Tal vez en toda la geografía del planeta no existe un país de
inmigrantes como los Estados Unidos de América, formado
históricamente por un auténtico aluvión humano procedente de otras
naciones y conformado en el marco de la cultura anglosajona. Las
fronteras norteamericanas han venido manteniendo una tradición de
permeabilidad entroncada con la forma de vida del gran país.

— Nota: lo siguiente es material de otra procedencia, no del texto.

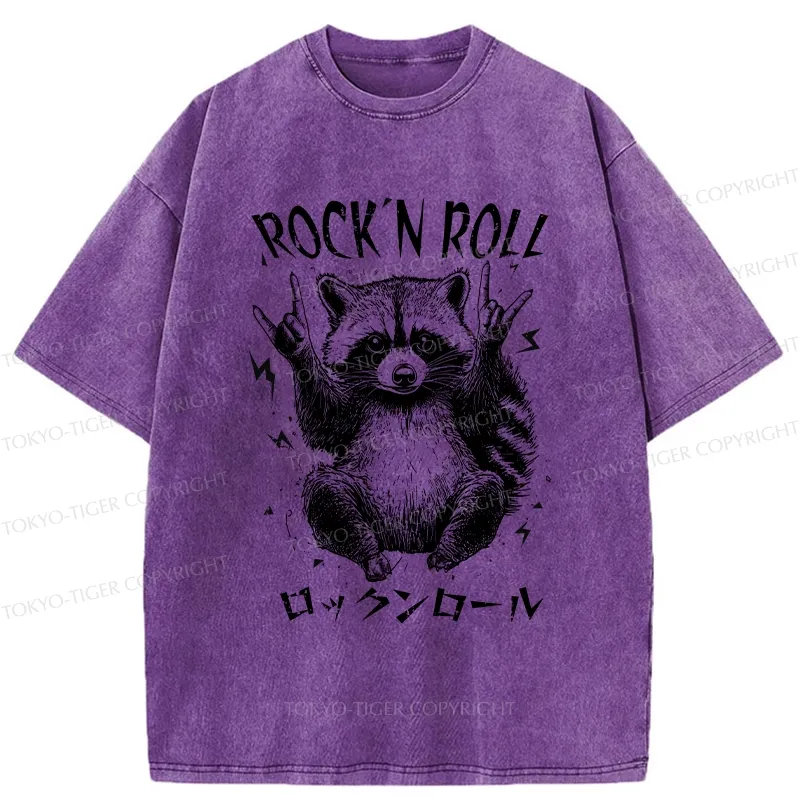 Tokyo-Tiger Funny Raccoon Rock And Roll Washed T-Shirt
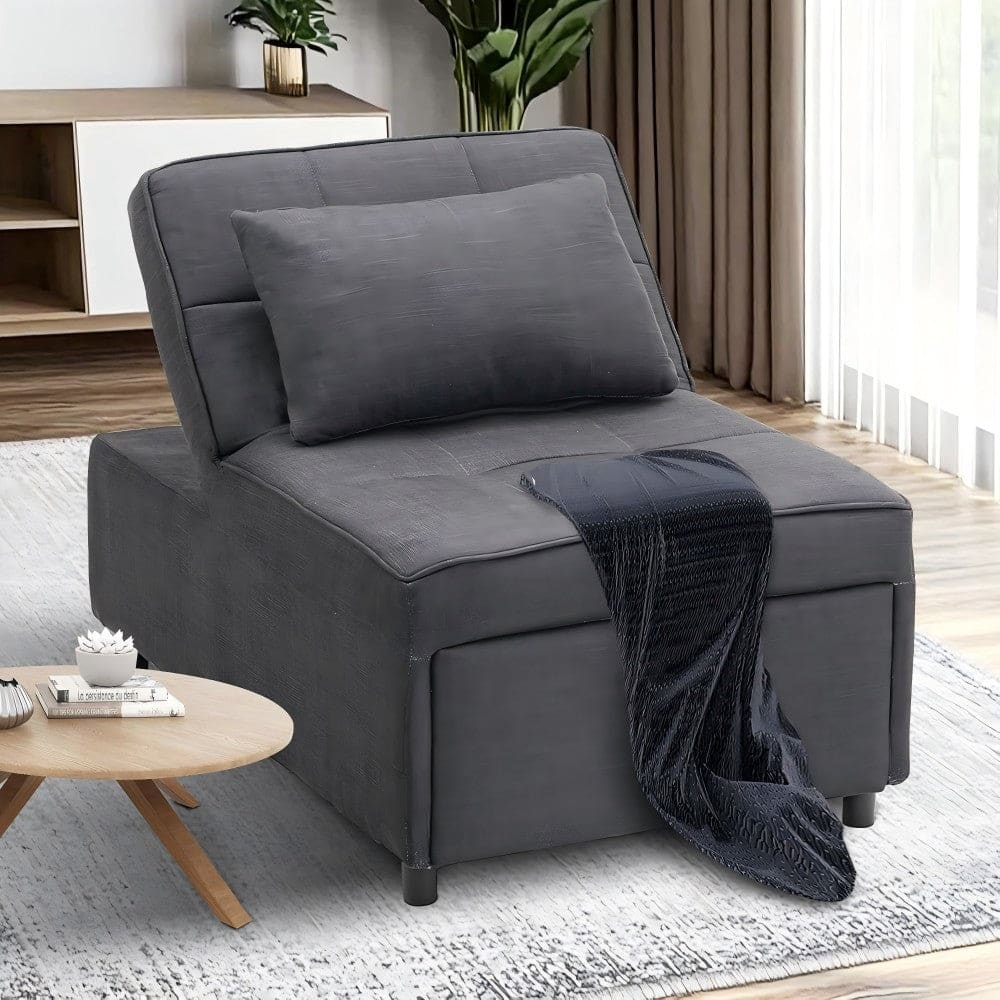 Anifox Recline Sofa Bed Sleeper Chair for Living Room, Small Apartments and Office - Gray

El negocio, los estudios, el turismo, los intercambios de todo
tipo, han impulsado el que un viaje a USA se convirtiera casi en
una obligación para muchos ciudadanos occidentales. Pero también en
este aspecto va a existir un antes y un después del 11 de
septiembre. La Administración norteamericana se dispone a poner en
marcha un plan que establecerá durísimas trabas, tanto a la
inmigración como al turismo en general.
La hipotética protección ante un enemigo desconocido, forzada
por la desconfianza casi de carácter psicótico que el ciudadano
americano siente hoy ante el mundo, va a determinar el que se tomen
medidas hasta cierto punto extremadas. En breve, cifras como las
correspondientes a las entradas registradas en el país durante el
pasado año "540 millones de personas" resultarán inimaginables. Y
contribuirán a ello, tanto la adscripción a un extranjero de un
código de barras que permitirá seguir sus movimientos desde un
ordenador central, como controles de tipo biométrico severamente
analizados. Solicitar un visado supondrá que se lleve a cabo una
verdadera radiografía biográfica del solicitante, que incluirá
datos tan peregrinos como sus posibles «afiliaciones sospechosas» y
sus «intenciones» al emprender el viaje.
Ciudadanos de países hasta favorecidos por su trato en este
sentido encontrarán en embajadas y consulados unas dificultades
insospechadas. Algo, en conjunto, que va a ser de difícil puesta en
práctica y, sobre todo, que corre el peligro de hacer de USA un
destino poco apetecible. Y ello por no referirnos a las
restricciones que en materia de libertades y política de
inmigración puede conllevar.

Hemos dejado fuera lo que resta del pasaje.